Using the records below, copy exactly the part that opens with the line holding "10707 Camarillo St #214 — Photo 18" and closes with the line holding "Building Photo - Newly", minus the pictures.

Brief descriptive captions
/---

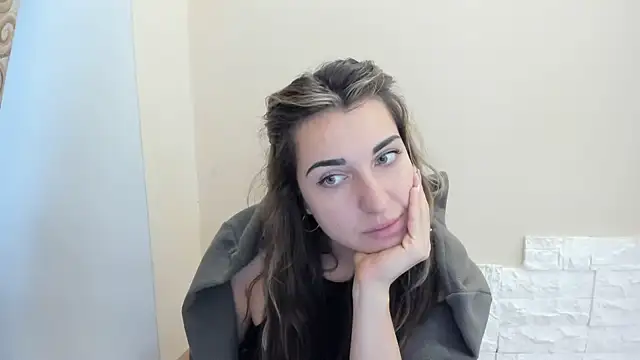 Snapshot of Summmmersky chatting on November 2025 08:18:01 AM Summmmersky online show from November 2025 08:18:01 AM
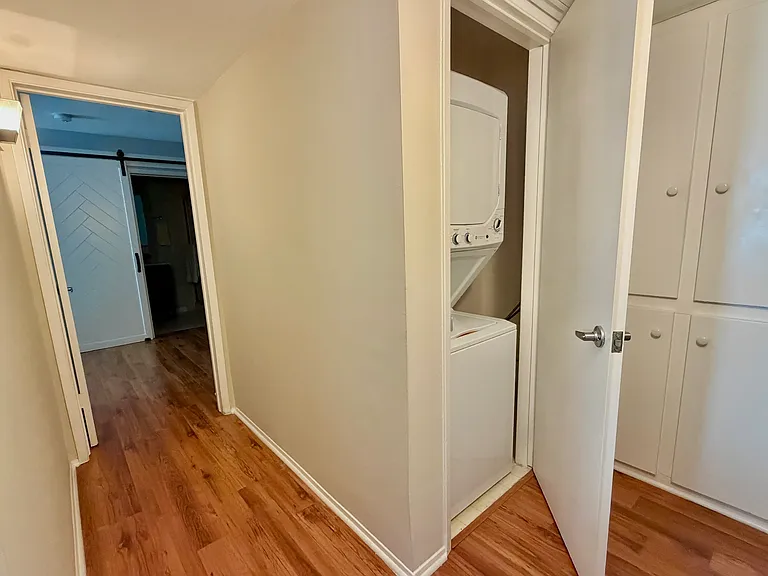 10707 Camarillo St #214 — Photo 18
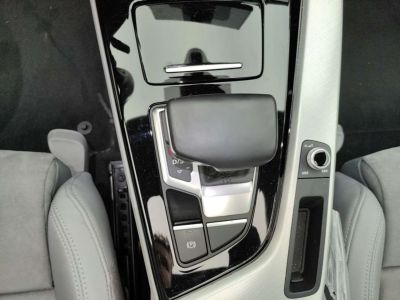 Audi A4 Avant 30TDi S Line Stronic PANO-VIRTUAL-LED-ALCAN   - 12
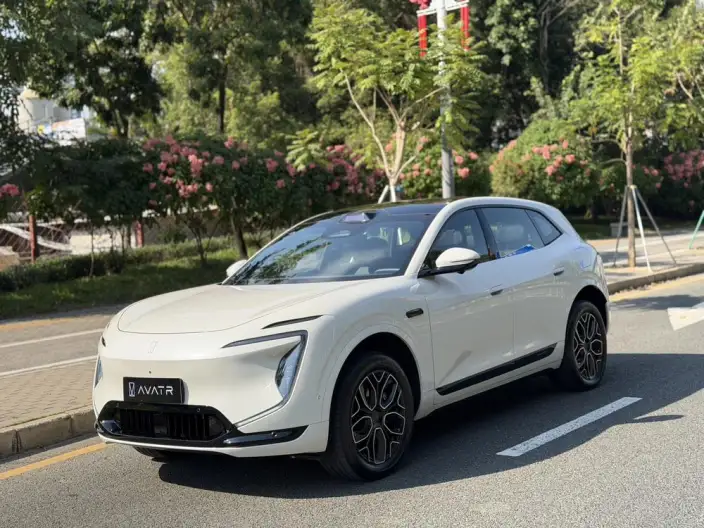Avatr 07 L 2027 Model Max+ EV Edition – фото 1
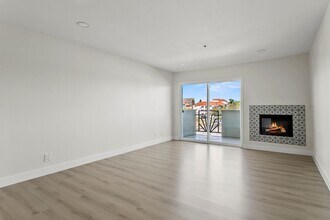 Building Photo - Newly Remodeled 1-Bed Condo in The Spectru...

\---
/---

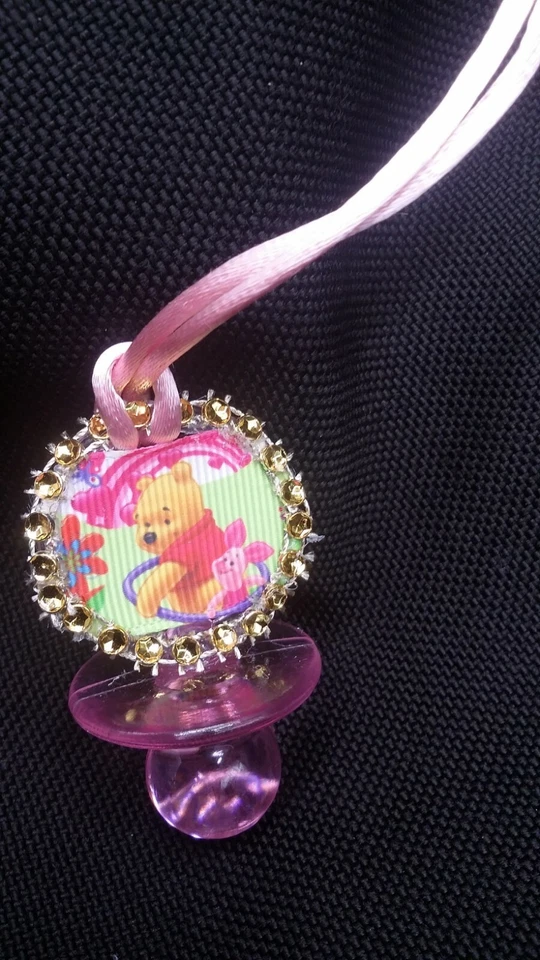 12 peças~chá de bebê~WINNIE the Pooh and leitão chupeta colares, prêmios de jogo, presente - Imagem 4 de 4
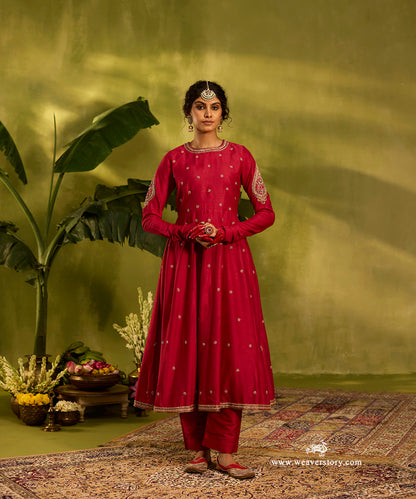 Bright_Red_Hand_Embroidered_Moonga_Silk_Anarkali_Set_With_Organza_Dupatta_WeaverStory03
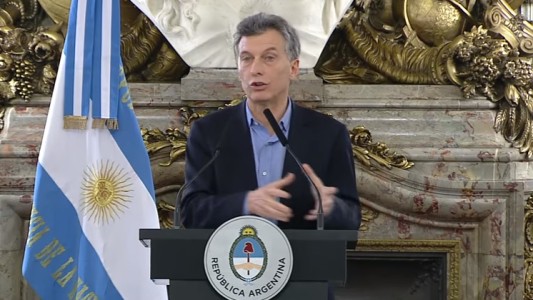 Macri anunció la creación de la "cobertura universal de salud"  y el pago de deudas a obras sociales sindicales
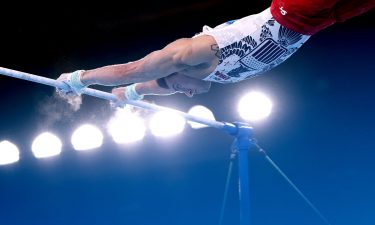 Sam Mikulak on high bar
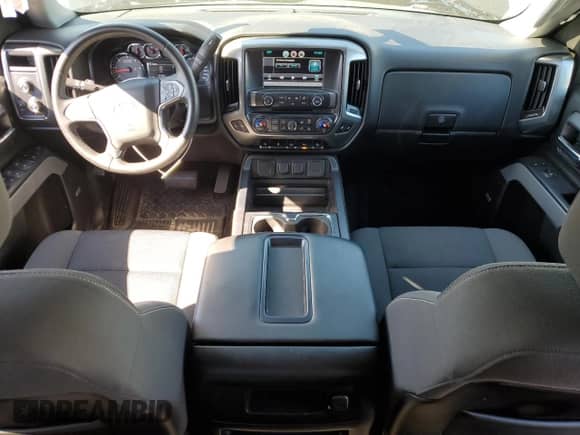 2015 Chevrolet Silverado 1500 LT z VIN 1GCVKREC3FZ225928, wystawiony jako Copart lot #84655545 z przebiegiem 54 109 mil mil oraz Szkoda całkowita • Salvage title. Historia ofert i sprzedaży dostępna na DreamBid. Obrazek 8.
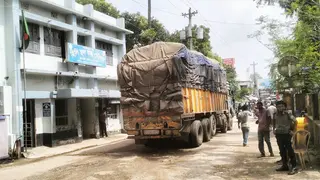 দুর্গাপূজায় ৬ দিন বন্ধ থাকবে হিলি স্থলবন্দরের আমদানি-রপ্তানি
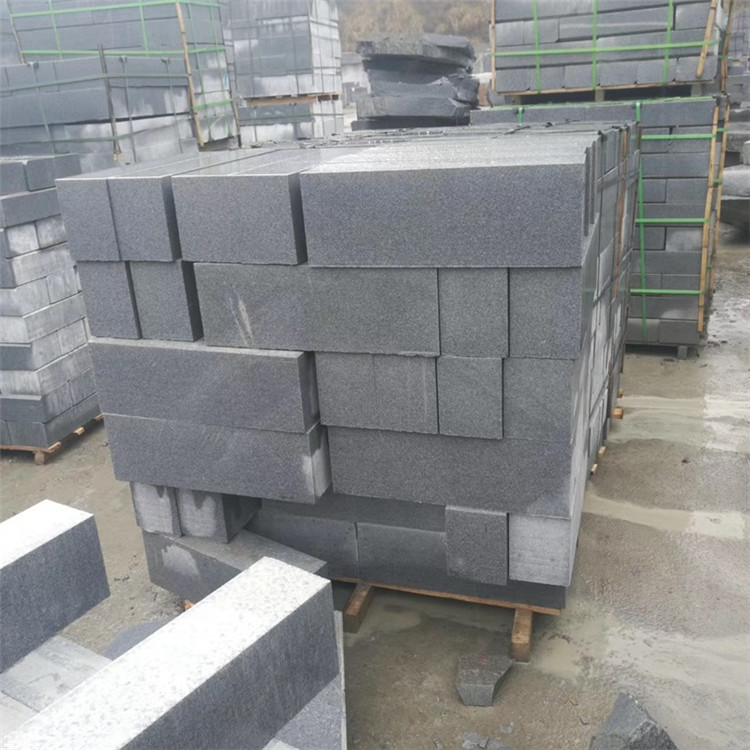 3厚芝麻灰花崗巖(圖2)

\---

§ Response below:
 10707 Camarillo St #214 — Photo 18
 Audi A4 Avant 30TDi S Line Stronic PANO-VIRTUAL-LED-ALCAN   - 12
Avatr 07 L 2027 Model Max+ EV Edition – фото 1
 Building Photo - Newly Remodeled 1-Bed Condo in The Spectru...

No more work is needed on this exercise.